In Fürth hat er sein Abitur gebaut. Auch auf Anraten der Eltern, wie er schmunzelnd zugibt, hat er nebenher ein Studium aufgenommen, um nicht nur auf die Schiene Profifußball zu setzen. Ein zweites Standbein sollte geschaffen werden. "Ich habe nach dem Abitur begonnen, Wirtschaftswissenschaften zu studieren. Als ich dann den Profivertrag bekommen habe, habe ich das aber wieder auf Eis gelegt", verrät Kirsch. Eine Wiederaufnahme ist eher unwahrscheinlich. Nicht weil der bodenständige Blondschopf vom ganz großen Durchbruch ausgeht, sondern vielmehr aus einem anderen Grund: "Es ist einfach nicht so mein Ding habe ich festgestellt." Weil er aber trotzdem einen Plan B in der Hinterhand haben möchte, hat er die A- und B-Lizenz zum Fitnesstrainer bereits abgelegt und lässt sich nun am BTB (Bildungswerk für therapeutische Berufe) in Remscheid per Fernstudium zum Ernährungsberater und Personaltrainer ausbilden. "Das interessiert mich sehr und ich möchte nebenbei einfach auch etwas für die Birne machen. Die Zeit dazu habe ich ja", sagt Kirsch.

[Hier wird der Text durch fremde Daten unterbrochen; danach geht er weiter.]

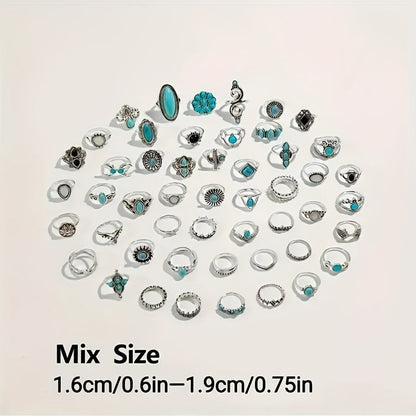 44pcs Vintage Turquoise Boho Stacking Rings Set for Women – Stackable Bohemian Style Rings Bulk Pack for Daily Wear, Vacation, Party & Holiday Gifts
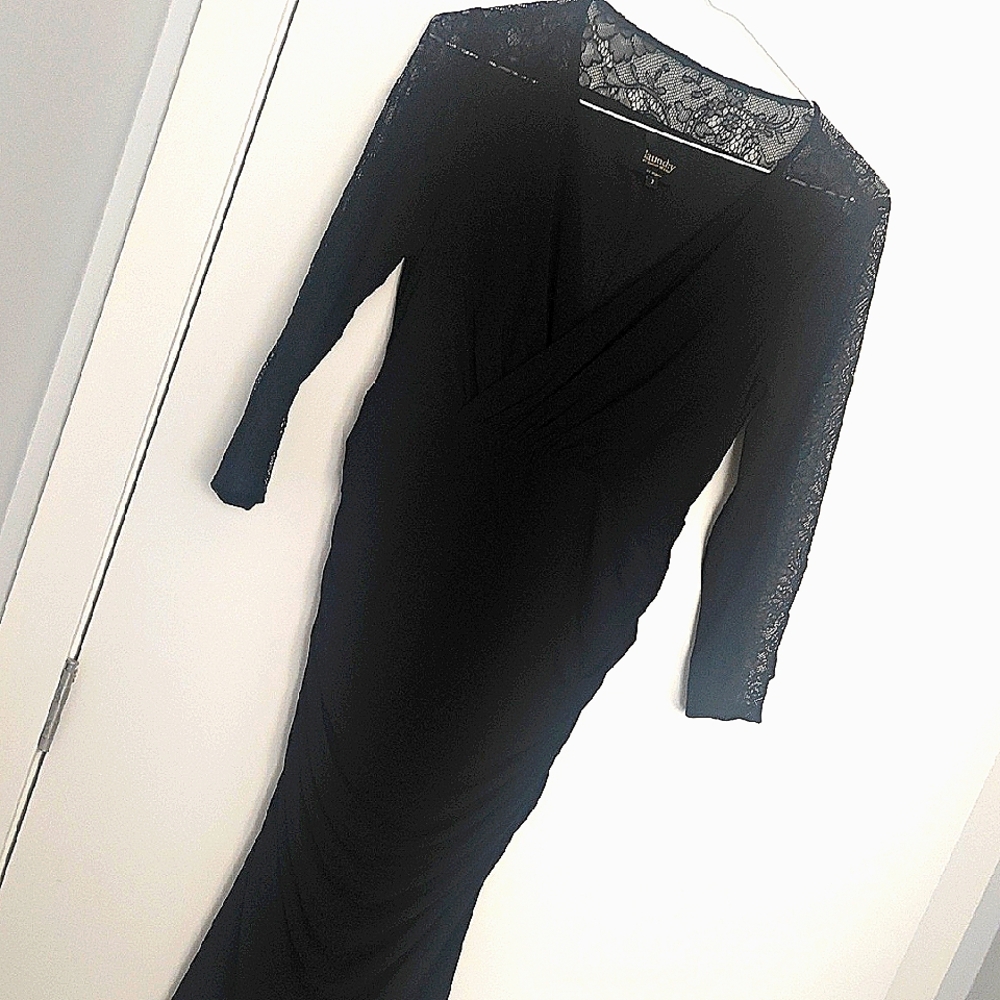 Laundry By Shelli Segal Black Lace Long Sleeve Dress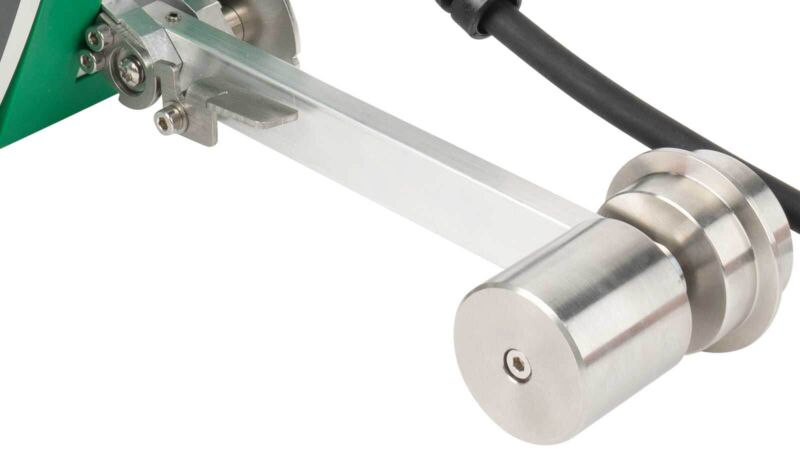 Leister MINIFLOOR 230v Drive Unit 154.330 for automatic floor laying welder close up of guide roller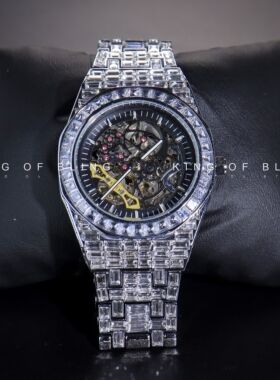 KINGOFBLING 满钻t方镂空机械嘻哈说唱欧美手表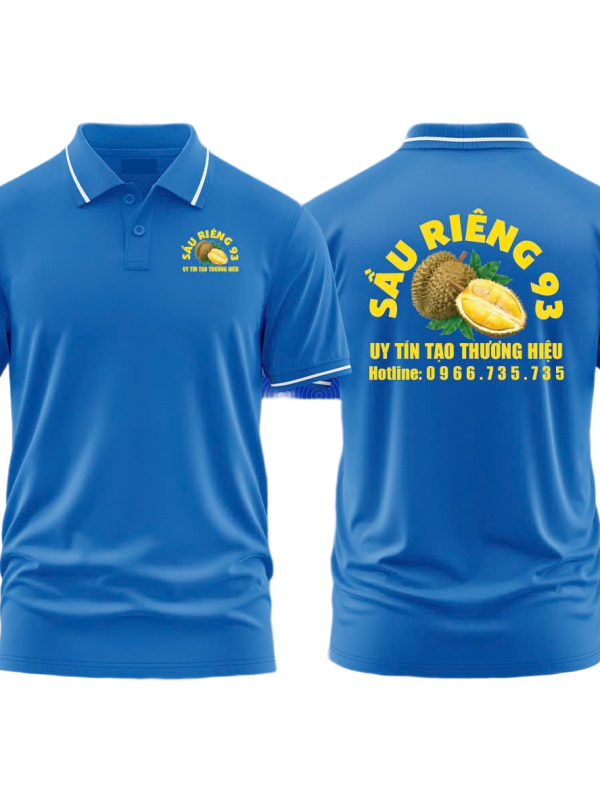 Áo thun đồng phục Polo Sầu Riêng 93 Xanh Dương Sọc Trắng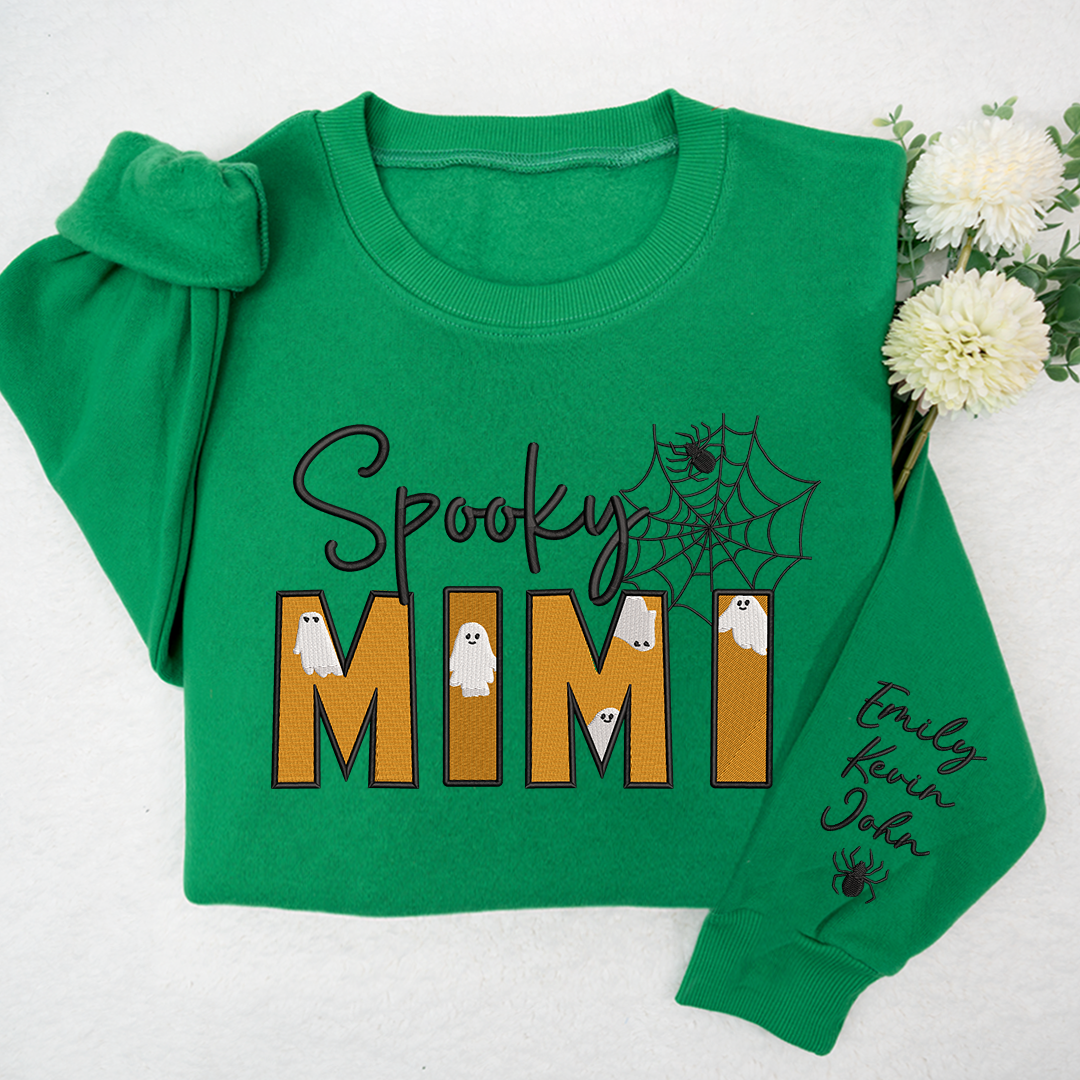 Lofaris Spooky Mimi Halloween Embroidered Custom Sweatshirt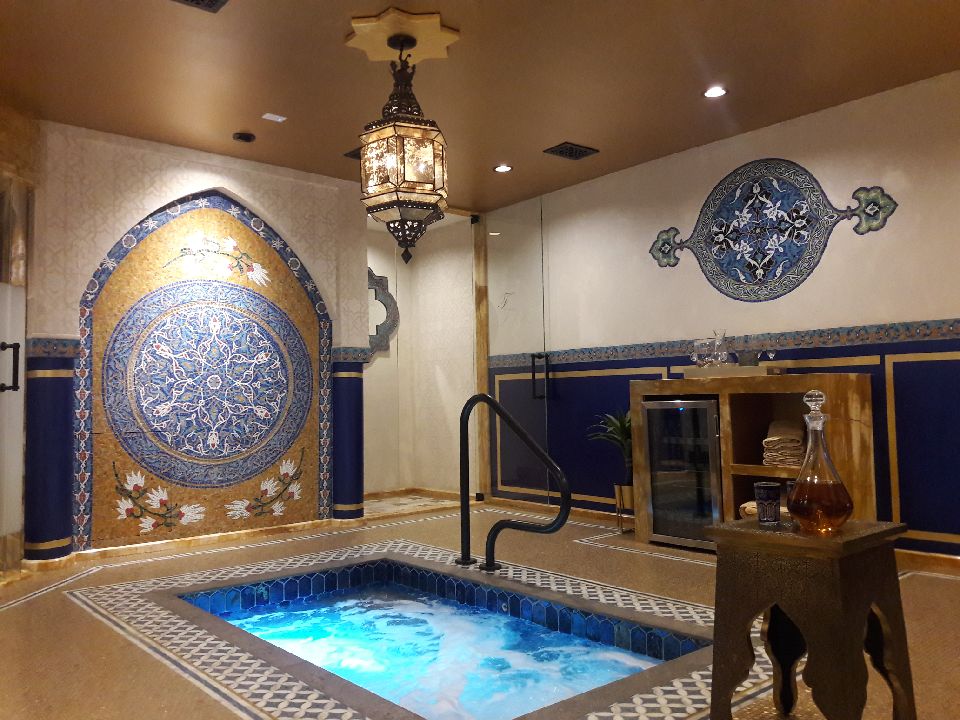 Moroccan-style lantern, indoor spa
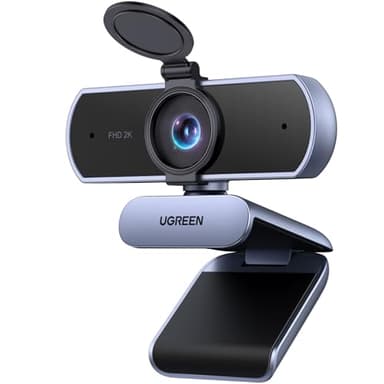 UGREEN Webcam 2K 30FPS Full HD Web cam USB per computer Messa a fuoco fissa Plug and Play per Windows MacOS Linux Streaming Youtube Skype Videochiamate Zoom Video Conferenze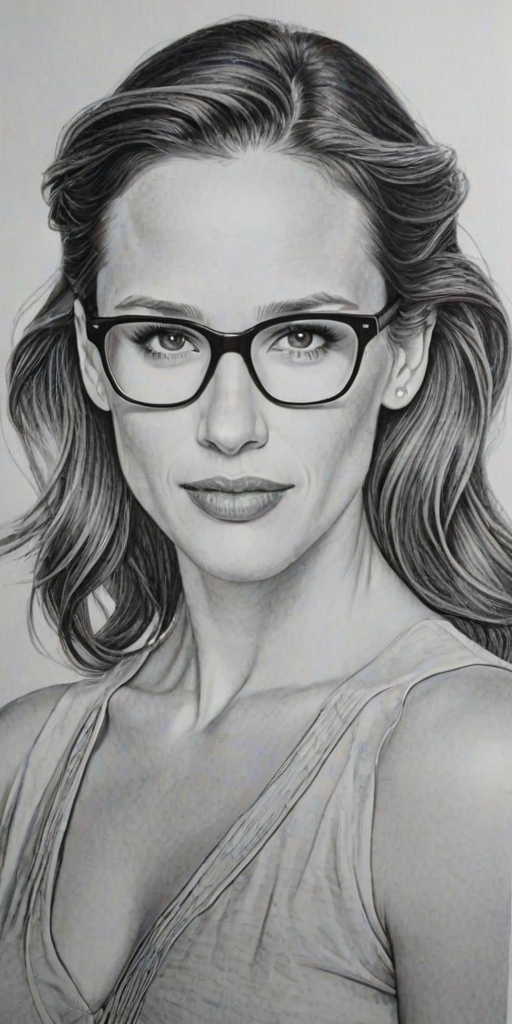 Captivating Jennifer Garner, pencil sketch, portrait of Pleasing woman 1938s in glasses, hair style beatnik, outline, clear lines, fine lines, 8k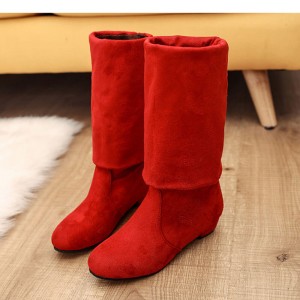 Round Toe Knee High Martin Boots for Women  - Red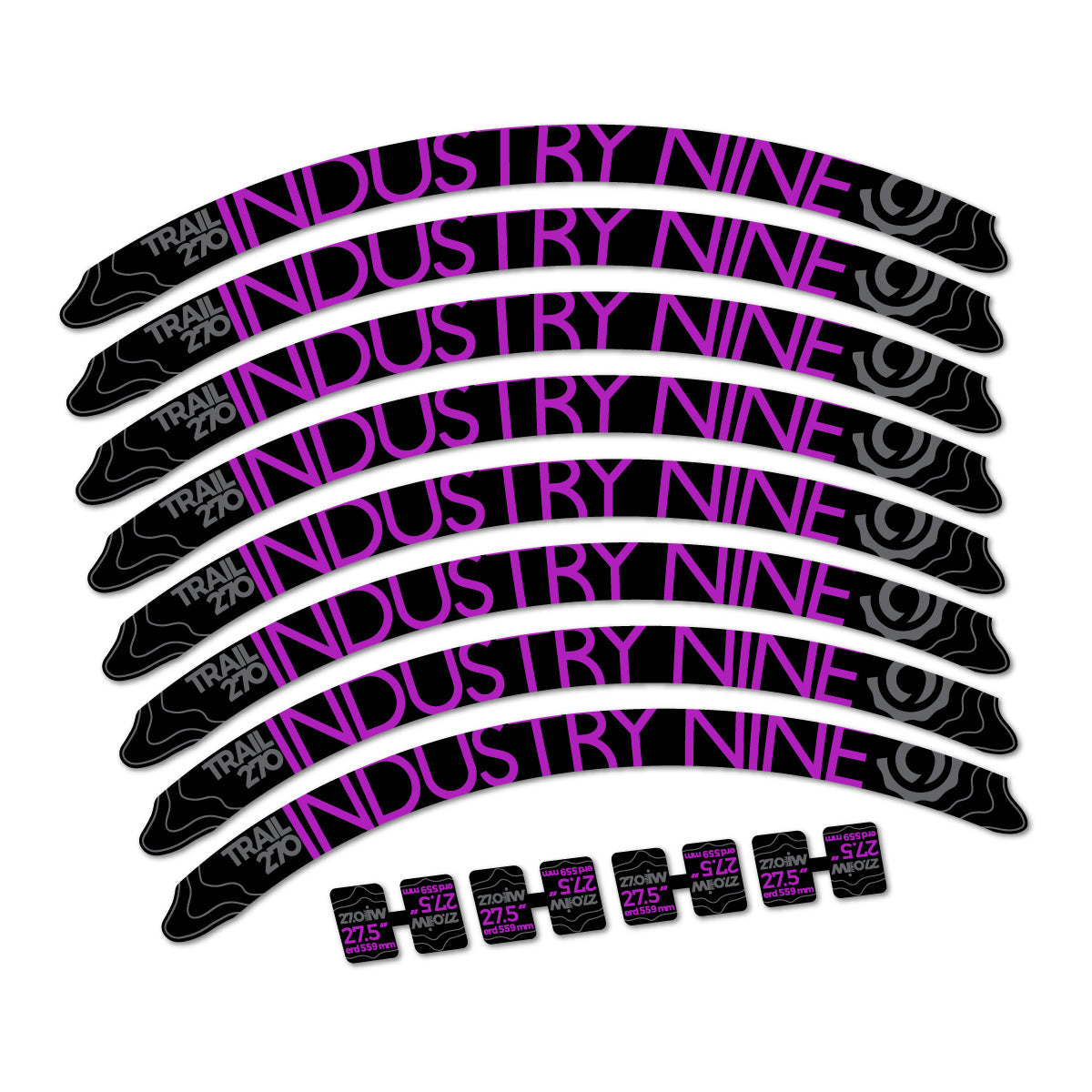 Violet Pink decal for Industry Nine Trail 270 2018 MTB wheel 27.5" – bike sticker vinyl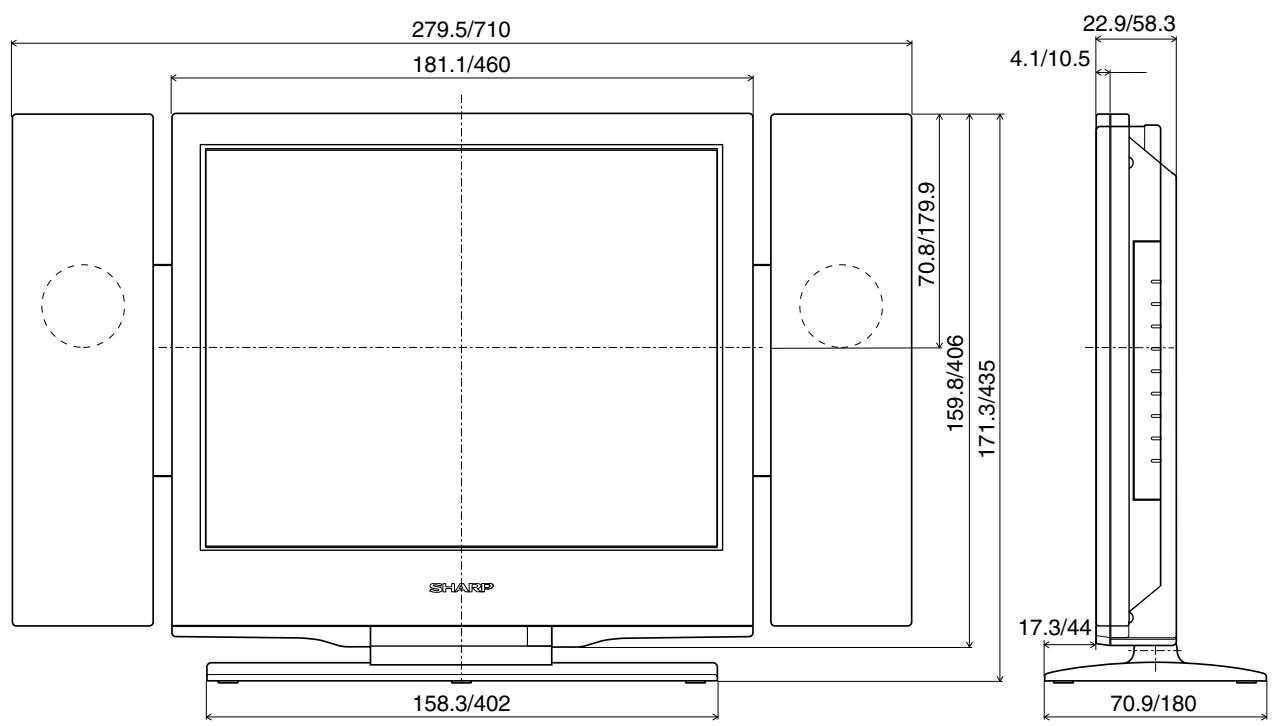 SHARP LC-20A2E - Dimensional Drawings - 1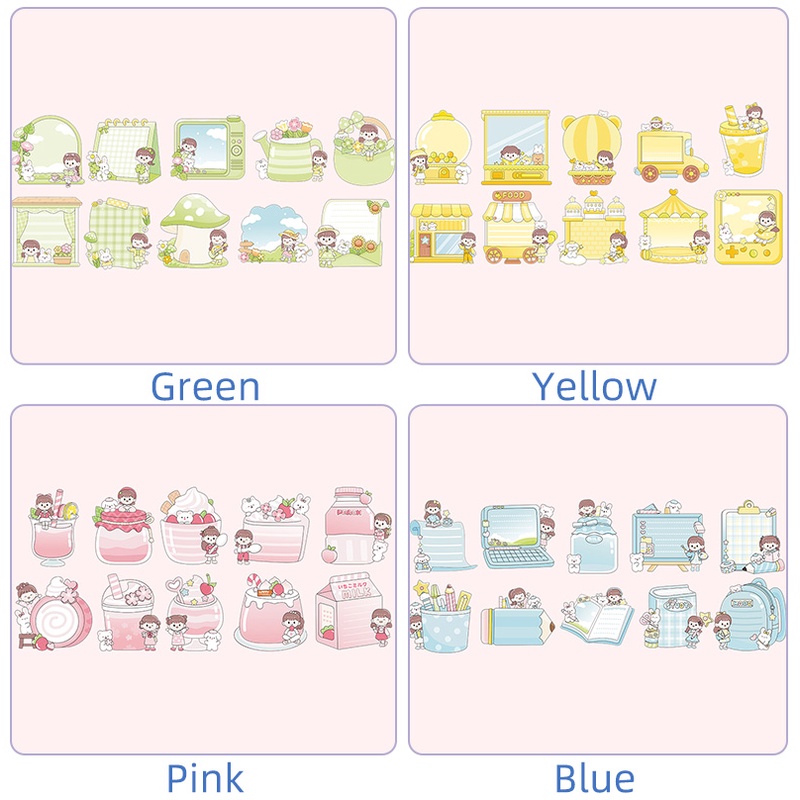 Set 100 Tấm Giấy Ghi Chú Không Dính Nhiều Hình Dáng Họa Tiết Hoạt Hình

In der Landeshauptstadt hat sich der Hohenschambacher schnell eingelebt. Nicht weit entfernt vom Trainingsgelände hat er in Trudering eine Wohnung gefunden. Dem Jungen vom Dorf gefällt es in der Isarmetropole: "Von der Lebensqualität her ist das hier schon super." Mit den Mannschaftskollegen unternimmt er viel. "Ich verstehe mich wirklich mit allen gut. Am besten mit Thomas Haas, der ist ja aus Niederbayern", muss der Oberpfälzer lachen. Da merke man eben die Handschrift von Hettich und Maurer, die sehr darauf erpicht waren, eine homogene Truppe zusammenzubasteln. Sich selbst bezeichnet Kirsch als "Box to box"-Spieler, einer der zwischen den Strafräumen überall zu finden ist. Als dynamischer, giftiger Zweikämpfer verleiht der Mittelfeldmann dem Spiel von Türkgücü den nötigen Schuss Aggressivität.
Viel abgeschaut hat er sich dabei von einem chilenischen Heißsporn, der auch in Deutschland wahrlich kein Unbekannter ist: "Mein großes Vorbild ist Arturo Vidal, sein Stil gefällt mir einfach. Ich würde mich so charakterisieren: Ich kann kicken und kämpfen." Vier Treffer und sechs Vorlagen hat er bislang dazu beigesteuert, dass Türkgücü mittlerweile unangefochten über dem Rest der Regionalliga Bayern thront. "Wir haben uns Respekt verschafft", erklärt Kirsch. Von Unmutsbekundungen oder gar Beschimpfungen seitens der Gegner oder deren Fans kann der Mittelfeldrenner nicht berichten: "Wir kommen nicht abgehoben daher. Ein tadelloser Auftritt ist uns allen sehr wichtig." Zuletzt in Aschaffenburg vor fast 2.300 Zuschauern, "das war schon richtig geil".